Given a list of tag names, return a number of element constructors. The argument can either be an array of tag names, or a string with comma-separated tags.
A constructor creates a new element with the respective tag name every time it's called. It's a function with this signature:
element = constructor( [ childNode|attributesAndChildNodes ] )
The argument, if given, can be either a node to put in the element as it's first child, or a combination of an array of child elements and a table of attributes
(same as the argument for xml.element
).
Example:
local bowl,fruit = xml.makeElementConstructors "bowl,fruit"
local document = bowl{ size="small", fruit"Apple", fruit"Orange" }
print(document) -- <bowl size="small"><fruit>Apple</fruit><fruit>Orange</fruit></bowl>
Penlight alias:
xml.tags
mapElements
element = xml.mapElements( element, callback )
replacementNode = callback( childElement )
Visit and call a function on all child elements of an element (non-recursively), possibility modifying the document. Returning a node from the callback replaces the current element, while returning nil removes it.
Penlight alias:
Element:maptags
match
matches = xml.match( document, xmlStringPattern|elementPattern )
Find things in a document by supplying a pattern.
This is the opposite function of xml.substitute
.
See the Penlight manual on the subject for more info (look for the sections describing templates).
Returns nil and a message on error.
newElement
element = xml.newElement( tag [, attributes ] )
Create a new element, optionally initialized with a given attributes table. Examples:
local person = xml.newElement("person")
local chicken = xml.newElement("chicken", {age="3", id="942-8483"})
Penlight alias:
xml.new
parseHtml
element = xml.parseHtml( htmlString [, filePathForErrorMessages ] )
Parse a string containing HTML markup. Returns nil and a message on error. Example:
local document = xml.parseHtml("<!DOCTYPE html>\n<html><head><script> var result = 1 & 3; </script></head></html>")
print(document[1][1].tag) -- script
parseXml
element = xml.parseXml( xmlString [, filePathForErrorMessages ] )
Parse a string containing XML markup. Returns nil and a message on error. Example:
local document = xml.parseXml("<foo><bar/></foo>")

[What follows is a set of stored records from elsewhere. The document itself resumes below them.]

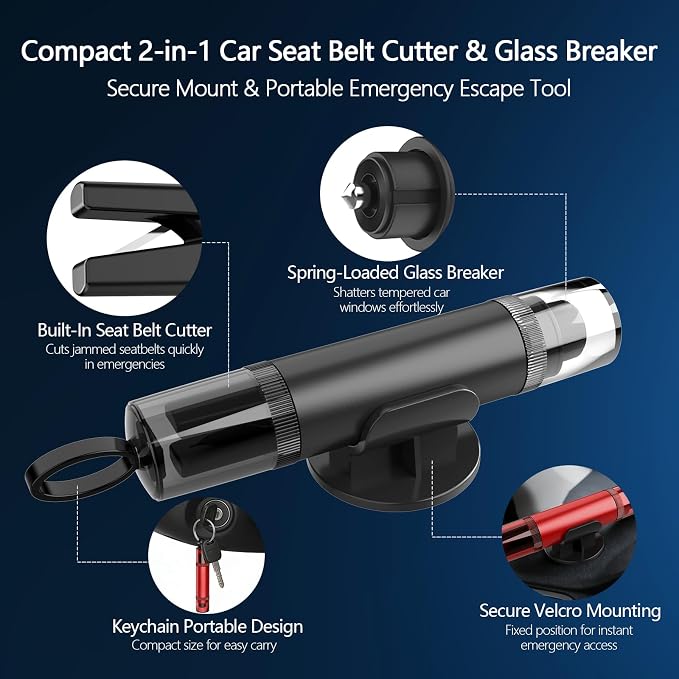 Window Breaker Seatbelt Cutter 3 Pack, Car Emergency Escape Tool | Underwater car window breaker tool, 2-in-1 seatbelt cutter with extra 4 car door shock pads for vehicle emergency safety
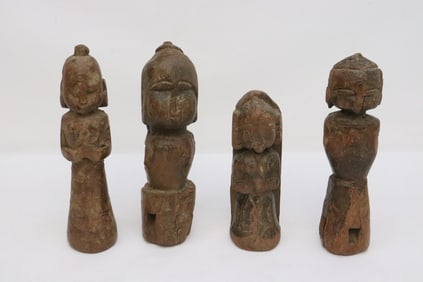 Set of 4 antique wood carved figures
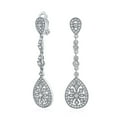 thumbnail image 1 of Bling Jewelry Womens Bridal Art Deco Filigree Teardrop Cubic Zirconia Clip-On Earrings GoldSilver, 1 of 4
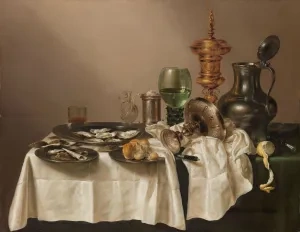 Willem Claeszoon Heda: Zátišie s pozlátenou čašou, 1635, Rijksmuseum, Amsterdam
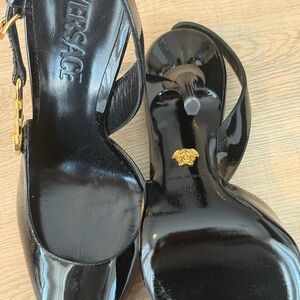 Versace Black Patent Leather Heels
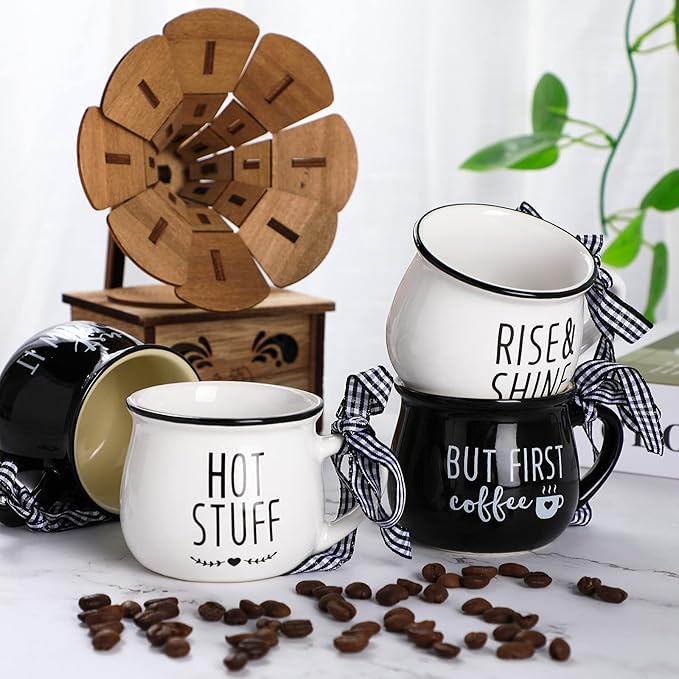 Patelai 4 Pcs Mini Espresso Cups 5 oz Coffee Mugs Set with Handle for Coffee Bar Tiered Tray Farmhouse Kitchen Decoration Holiday Party Gift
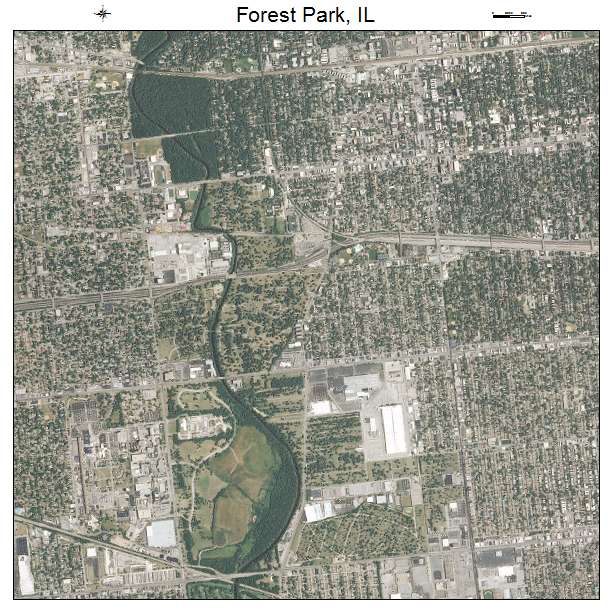 Forest Park, IL air photo map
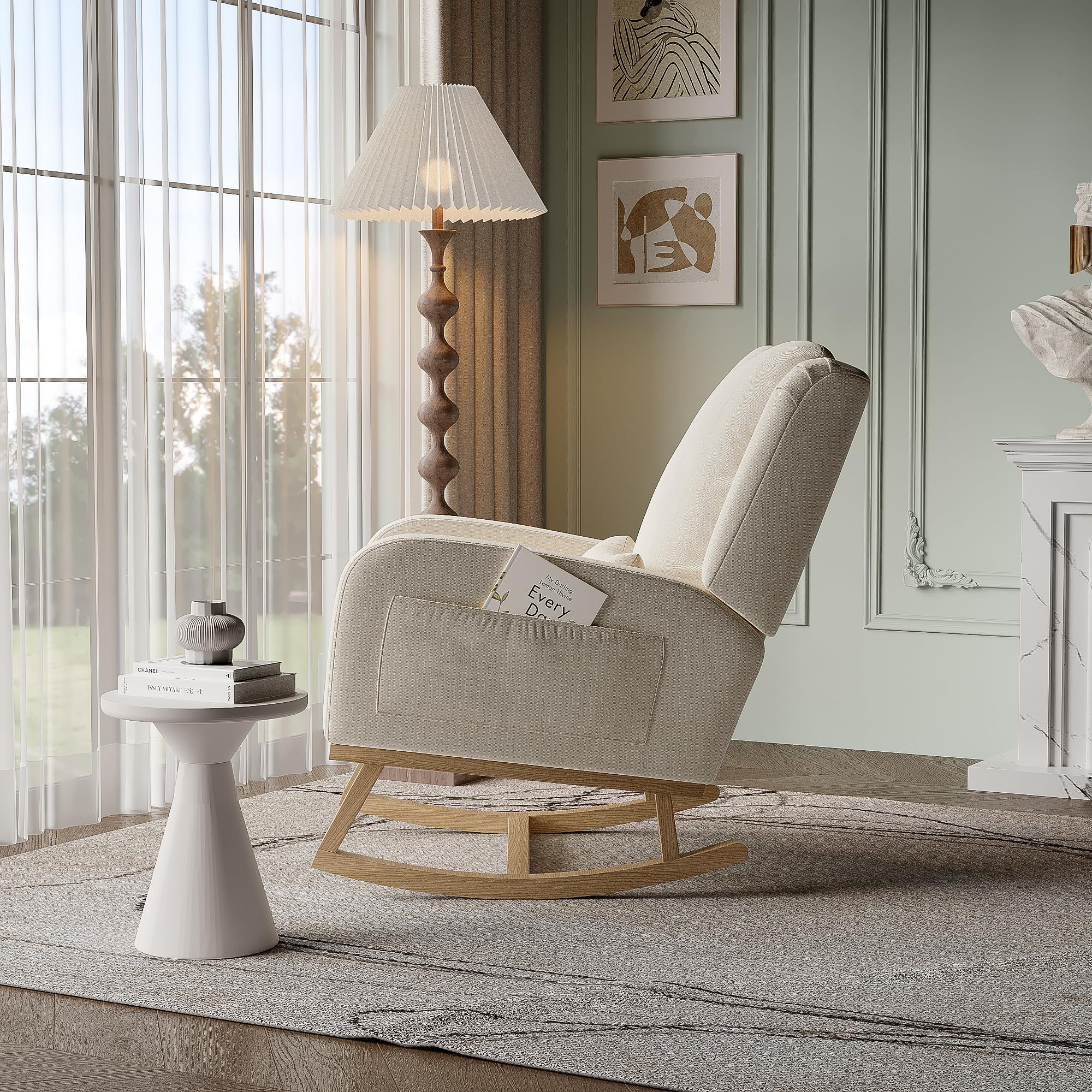 fotel bujany beżowy z lnu, fotel relaksacyjny z poduszką lędźwiową, fotel do salonu, bujany fotel do salonu sypialni, balkonu - obciążenie do 150 kg (beżowy - A)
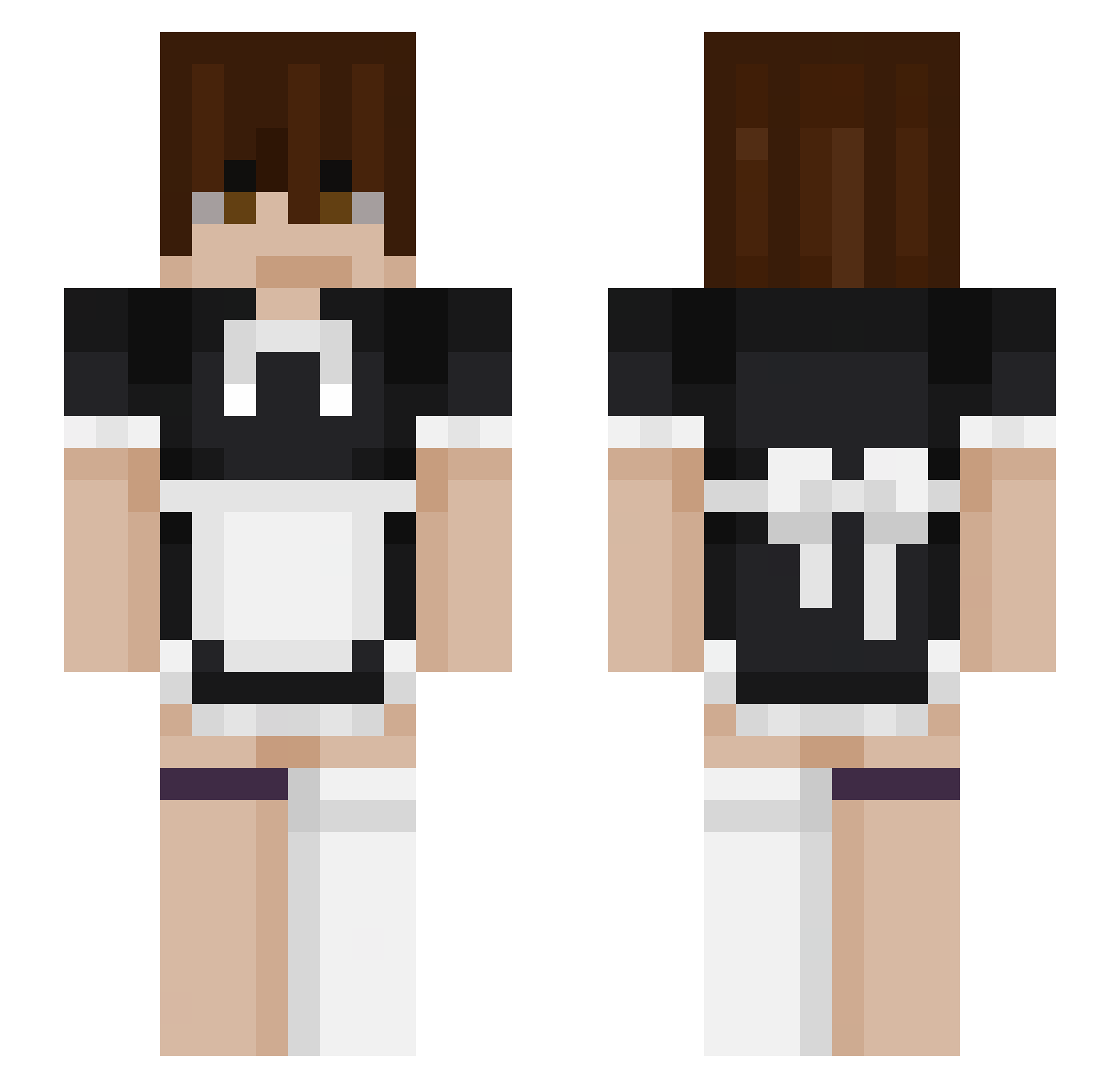 BrokenMinecraft Minecraft skin, front and back view
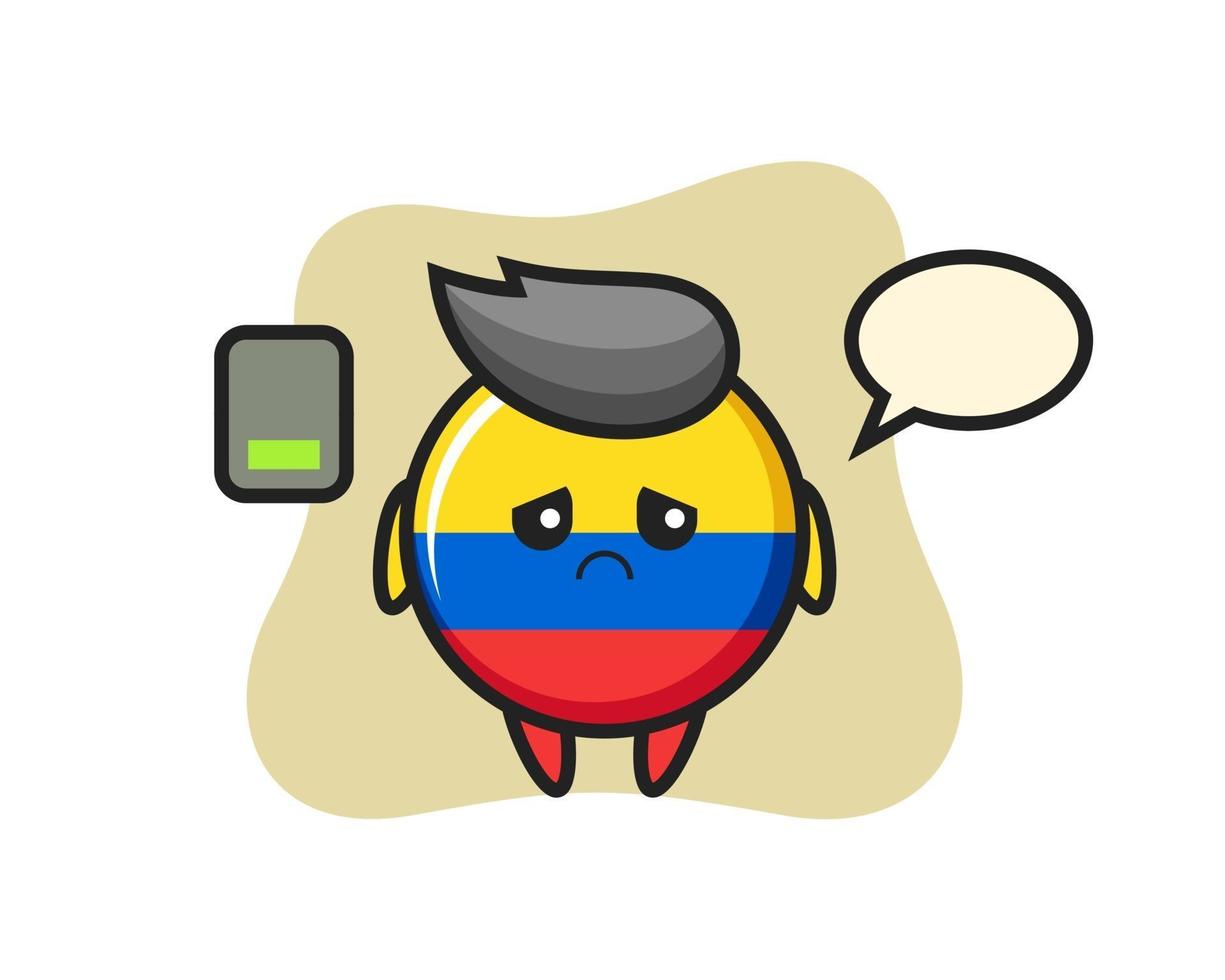 colombia flag badge mascot character doing a tired gesture vector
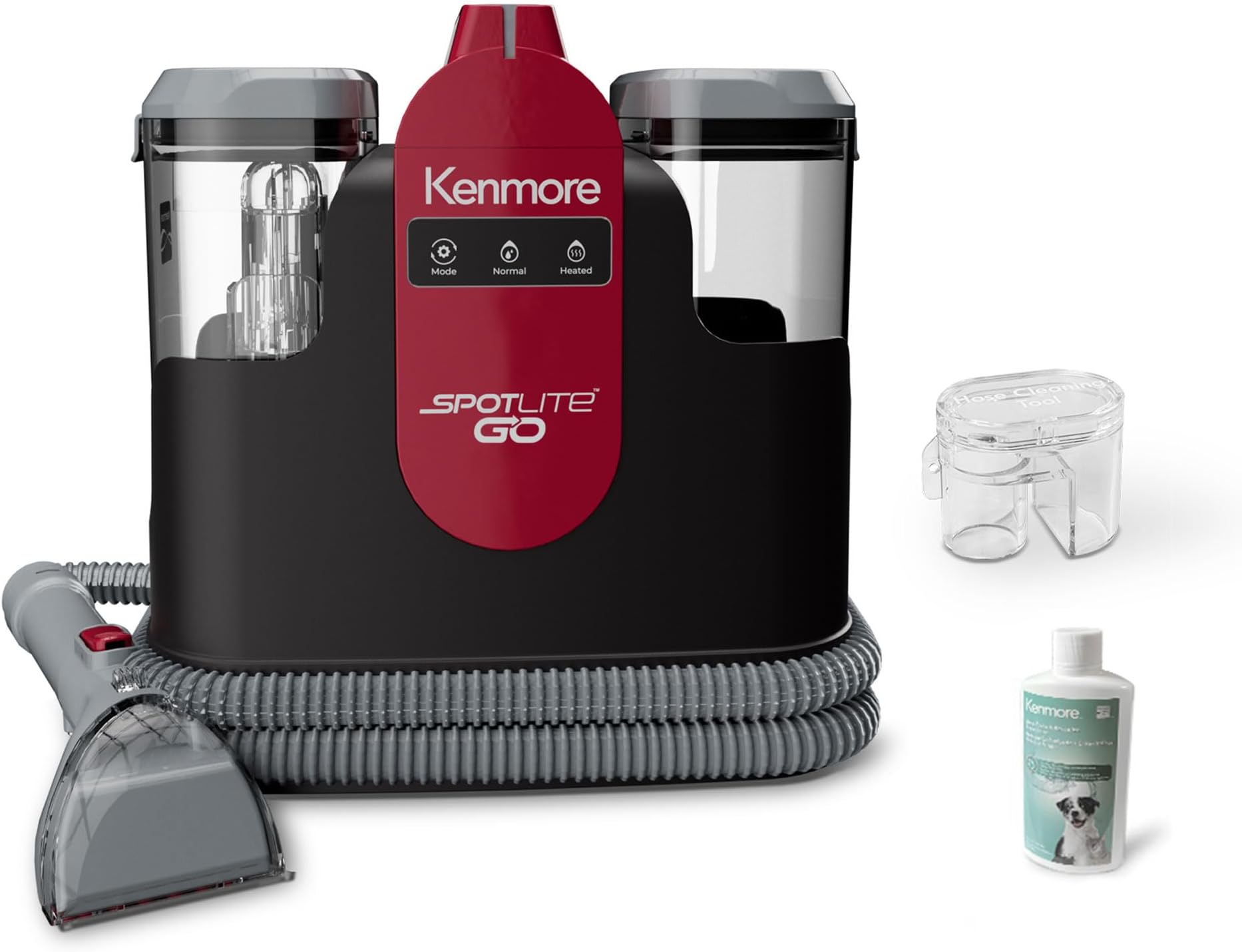 Kenmore KW1050 SpotLiteโข Go Portable Heated Carpet & Upholstery Spot Cleaner, 16Kpa Power Suction with Versatile Tools for Pets, Area Rugs and Couches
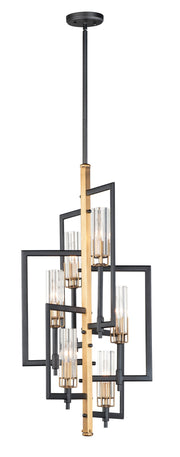 Flambeau 6 Light Pendant in Black / Antique Brass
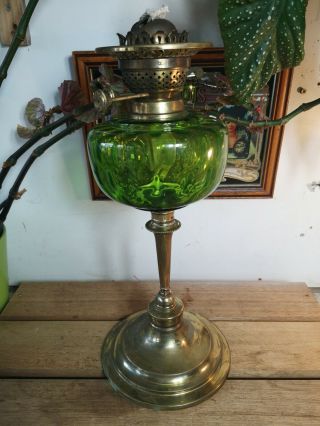 Antique Vintage Tall Green Font And Tall Stem Brass Base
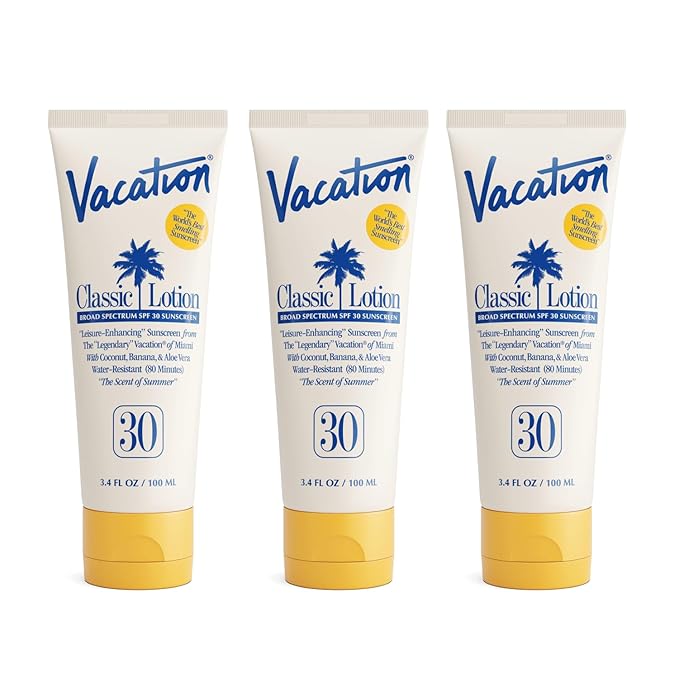 Vacation Classic Sunscreen Lotion SPF 30, Water-Resistant, Lightweight, Transparent on All Skin Tones, Dermatologist-Tested, Vegan, Travel Size, 3.4 Fl. Oz. (Value Pack of 3)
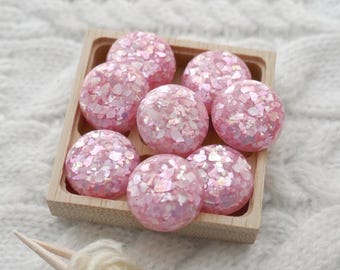 Vintage NOS MCM Pastel Candy Pink Lucite Buttons w Genuine Crushed Abalone Shell, Sparkly Confetti Shanks ≈13mm, ≈14mm, ≈15mm, ≈22mm BB1138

print(document[1].tag) -- bar
removeWhitespaceNodes
xml.removeWhitespaceNodes( document )
Recursively remove all text nodes that don't contain any non-whitespace characters from the document.
print(document:toXml())
--[[ Output:
<horses>
<horse>
<name> Glitter </name>
</horse>
<horse>
<name>Rush </name>
</horse>
</horses>
]]
document:removeWhitespaceNodes()
print(document:toXml())
--[[ Output:
<horses><horse><name> Glitter </name></horse><horse><name>Rush </name></horse></horses>
]]
setAttribute
xml.setAttribute( element, attributeName, attributeValue|nil )
Add a new attribute, or update the value of an existing. Specify a nil value to remove the attribute.
Penlight alias:
Element:set_attrib
substitute
newDocument = xml.substitute( xmlString|document, data )
Create a substituted copy of a document.
This is the opposite function of xml.match
.
See the Penlight manual on the subject for more info (look for the sections describing templates).
Returns nil and a message on error.
Penlight alias:
Element:subst
toHtml
htmlString = xml.toHtml( node [, preface=false ] )
Convert a node into an HTML string.
preface
, if given, can either be a boolean that says whether a standard <!DOCTYPE html>
string should be prepended, or be a string containing the given preface that should be added.
Example:
local document = xml.parseHtml('<html x = "y" ><body><input type=text disabled></body></html>')
print(document:toHtml())
--[[ Output:
<html x="y"><body><input type="text" disabled></body></html>
]]
toPrettyXml
xmlString = xml.toPrettyXml( node [, initIndent="", indent=noIndent, attrIndent=noIndent, preface=false ] )
Convert a node into an XML string with some "pretty" modifications.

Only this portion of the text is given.